◆ **WHAT YOU HAVE TO DO**:
Exact reproduction is required for the lines below starting at the line with "Cox Thimble Drome" and ending at the line with "Wholesale Metal Goblet", both included. No other lines, and no pictures.

◆ **Short web captions**:

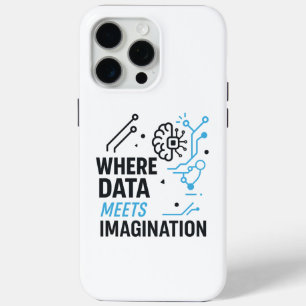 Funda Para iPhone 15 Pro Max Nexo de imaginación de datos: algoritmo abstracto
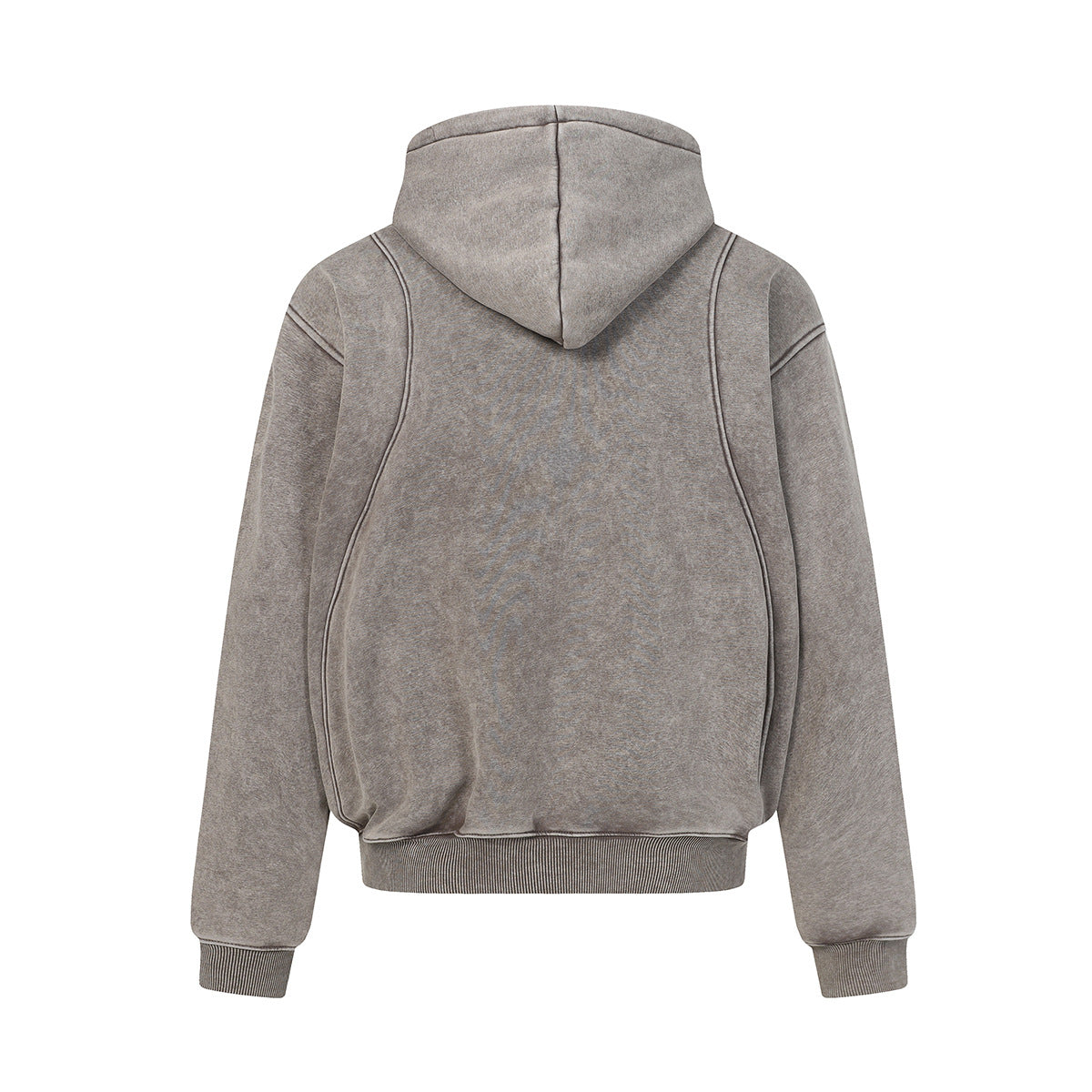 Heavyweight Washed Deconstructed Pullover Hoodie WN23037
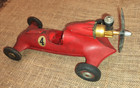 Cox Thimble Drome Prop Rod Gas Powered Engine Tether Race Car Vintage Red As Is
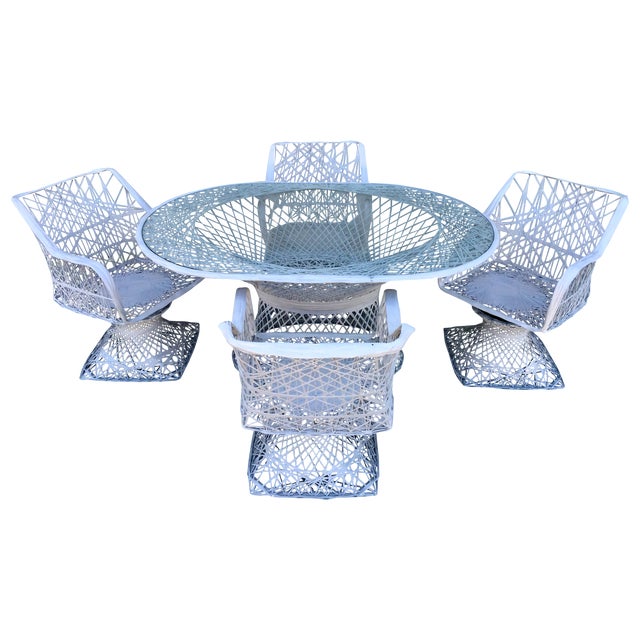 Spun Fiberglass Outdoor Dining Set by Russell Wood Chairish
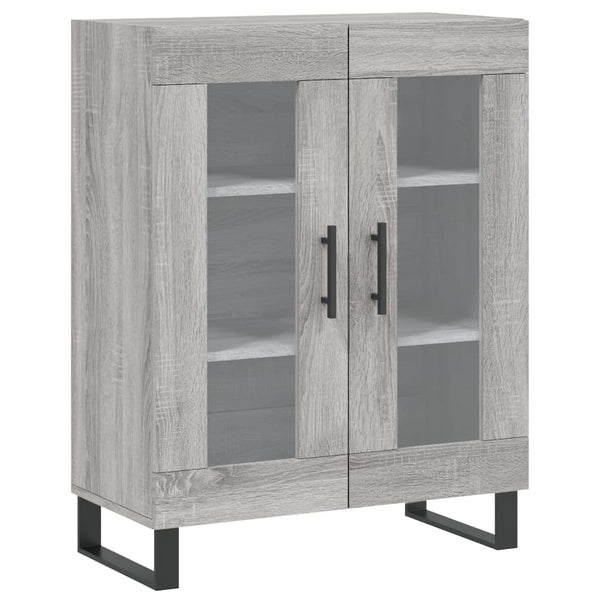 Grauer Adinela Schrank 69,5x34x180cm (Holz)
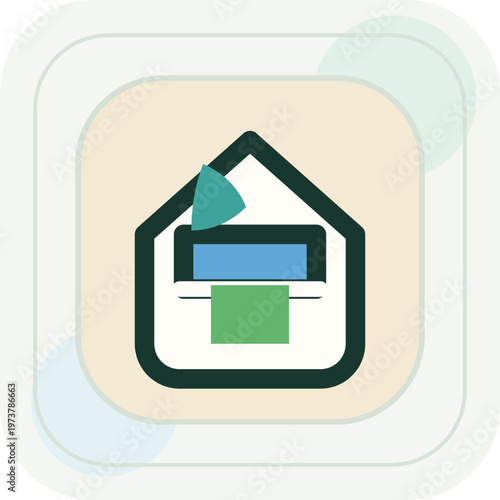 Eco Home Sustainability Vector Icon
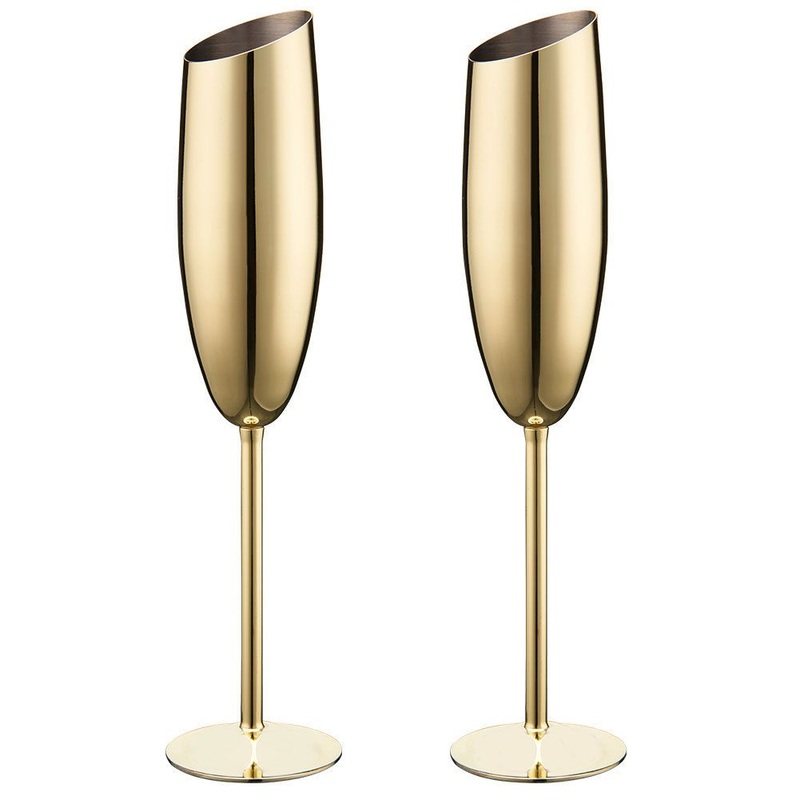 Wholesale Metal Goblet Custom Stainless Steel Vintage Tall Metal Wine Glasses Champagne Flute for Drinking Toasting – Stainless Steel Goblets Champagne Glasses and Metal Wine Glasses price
---
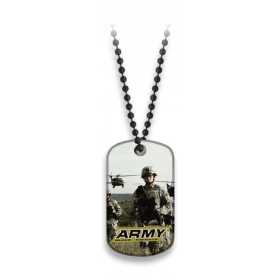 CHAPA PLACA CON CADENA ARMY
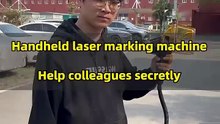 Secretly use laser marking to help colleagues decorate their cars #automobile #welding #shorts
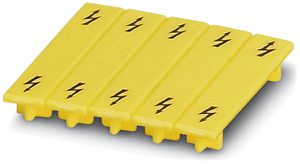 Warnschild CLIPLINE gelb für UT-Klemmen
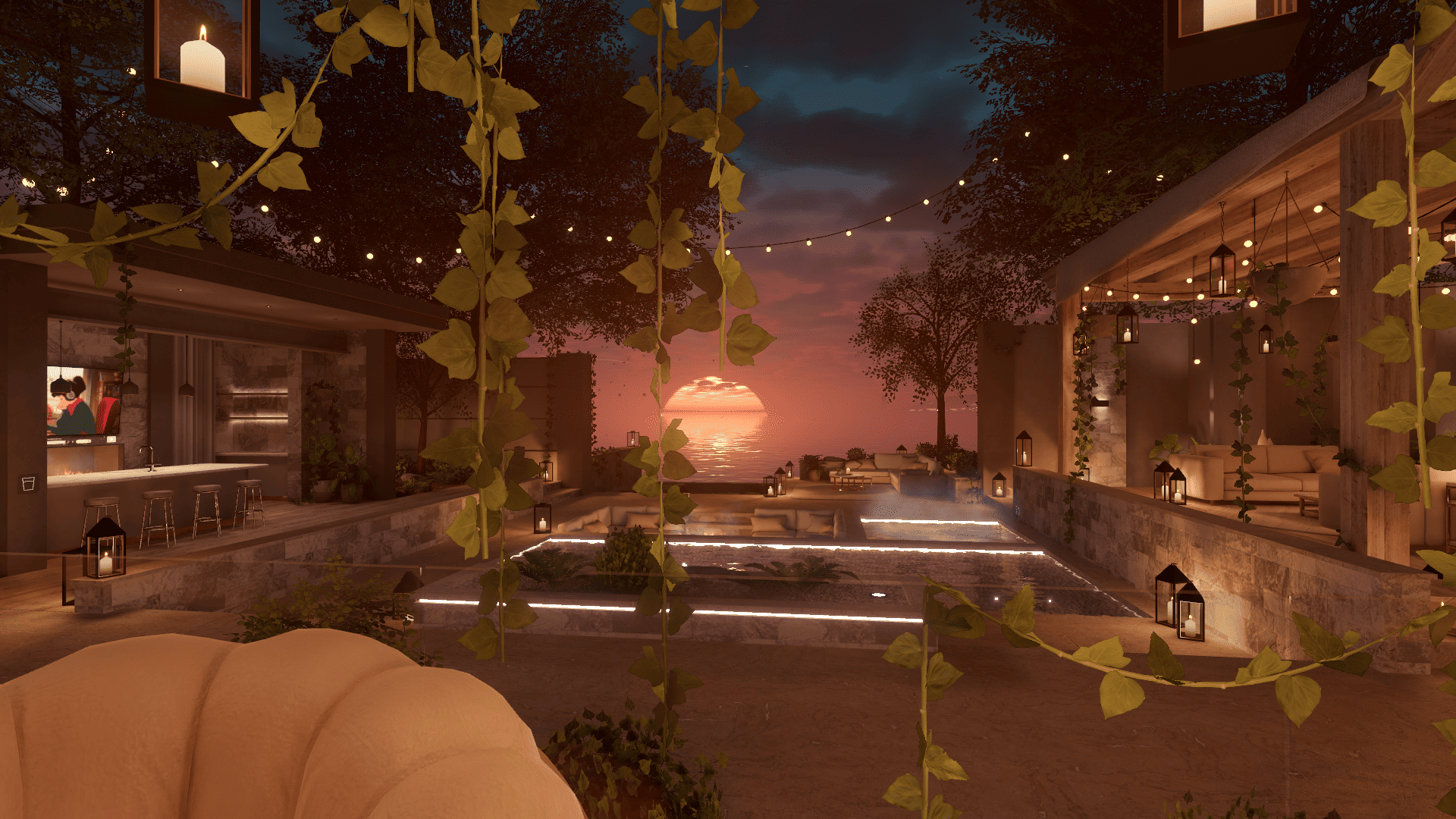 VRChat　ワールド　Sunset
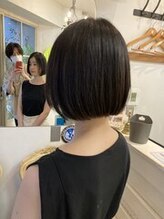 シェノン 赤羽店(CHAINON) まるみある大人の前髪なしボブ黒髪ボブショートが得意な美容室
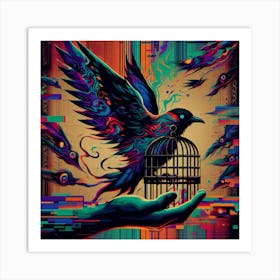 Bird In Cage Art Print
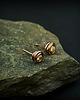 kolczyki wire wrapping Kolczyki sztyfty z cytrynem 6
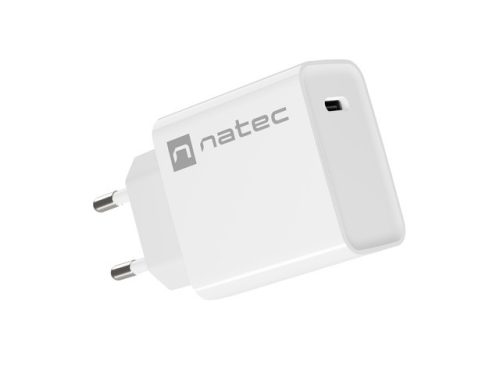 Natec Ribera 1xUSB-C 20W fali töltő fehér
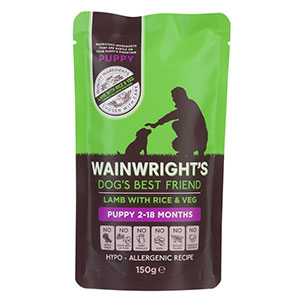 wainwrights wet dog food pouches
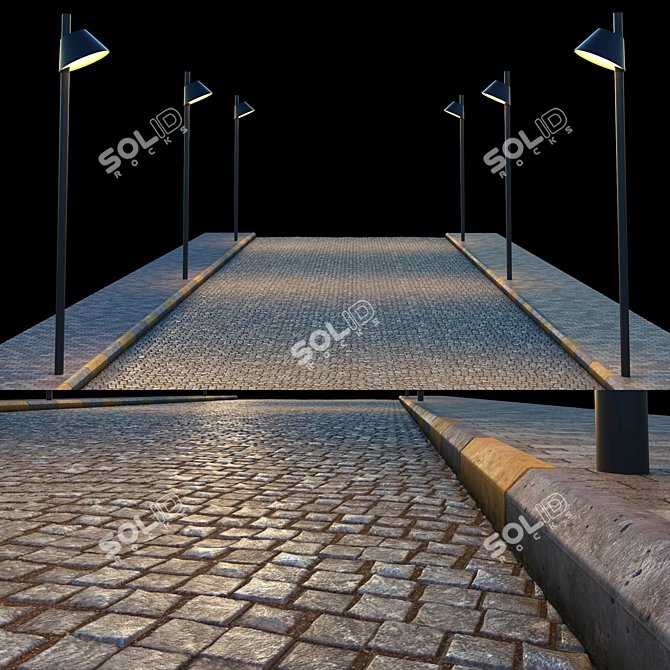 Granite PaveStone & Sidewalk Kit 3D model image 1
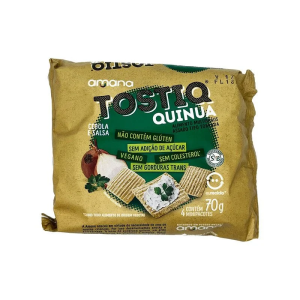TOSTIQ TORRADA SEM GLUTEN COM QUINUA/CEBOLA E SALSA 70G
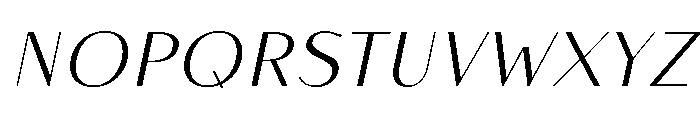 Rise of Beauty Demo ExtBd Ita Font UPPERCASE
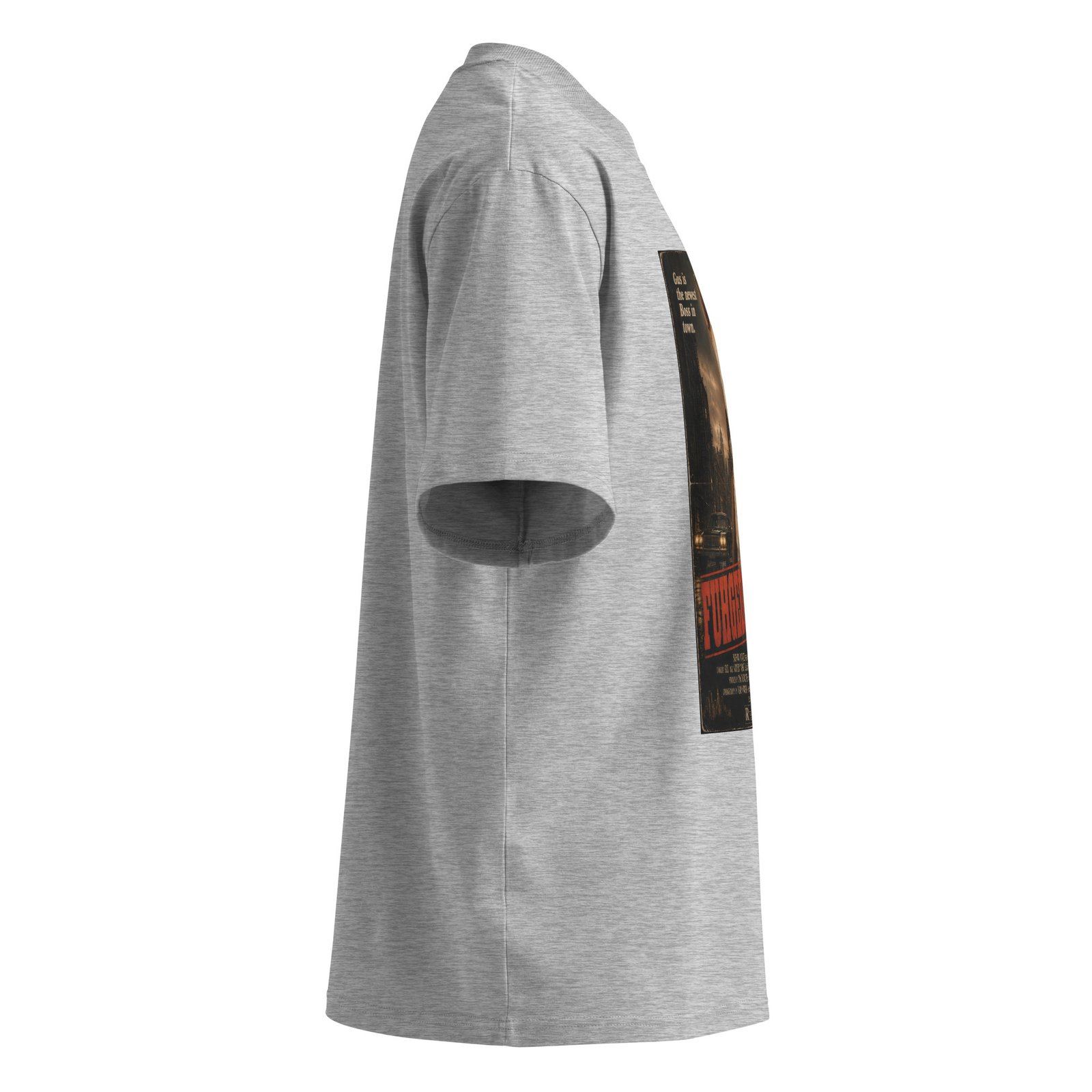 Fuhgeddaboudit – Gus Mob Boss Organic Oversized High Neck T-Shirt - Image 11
==
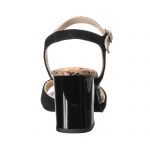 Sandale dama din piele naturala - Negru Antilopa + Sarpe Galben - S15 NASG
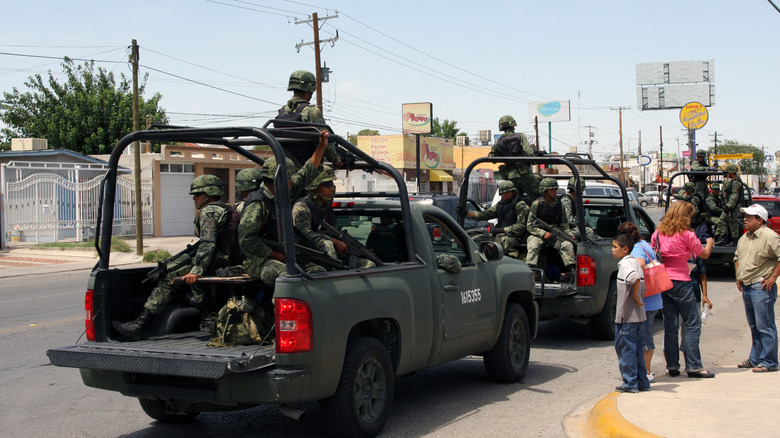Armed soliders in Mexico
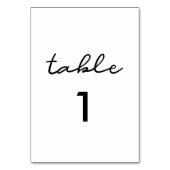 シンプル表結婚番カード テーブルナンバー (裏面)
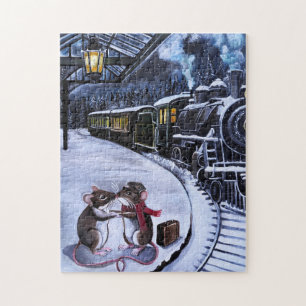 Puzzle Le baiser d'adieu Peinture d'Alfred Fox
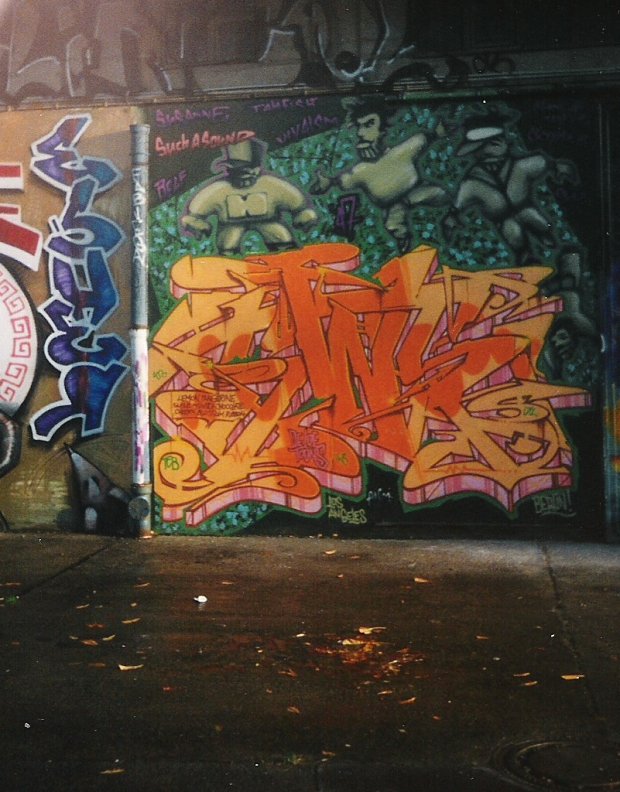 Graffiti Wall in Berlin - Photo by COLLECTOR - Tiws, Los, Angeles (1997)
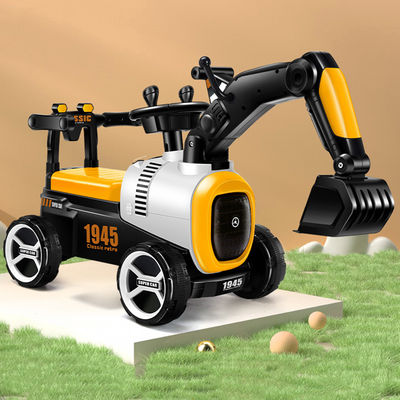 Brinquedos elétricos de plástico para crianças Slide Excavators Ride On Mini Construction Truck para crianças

◆ **COMPLETED TASK**:
 Cox Thimble Drome Prop Rod Gas Powered Engine Tether Race Car Vintage Red As Is
 Spun Fiberglass Outdoor Dining Set by Russell Wood Chairish
 Grauer Adinela Schrank 69,5x34x180cm (Holz)
 Eco Home Sustainability Vector Icon
 Wholesale Metal Goblet Custom Stainless Steel Vintage Tall Metal Wine Glasses Champagne Flute for Drinking Toasting – Stainless Steel Goblets Champagne Glasses and Metal Wine Glasses price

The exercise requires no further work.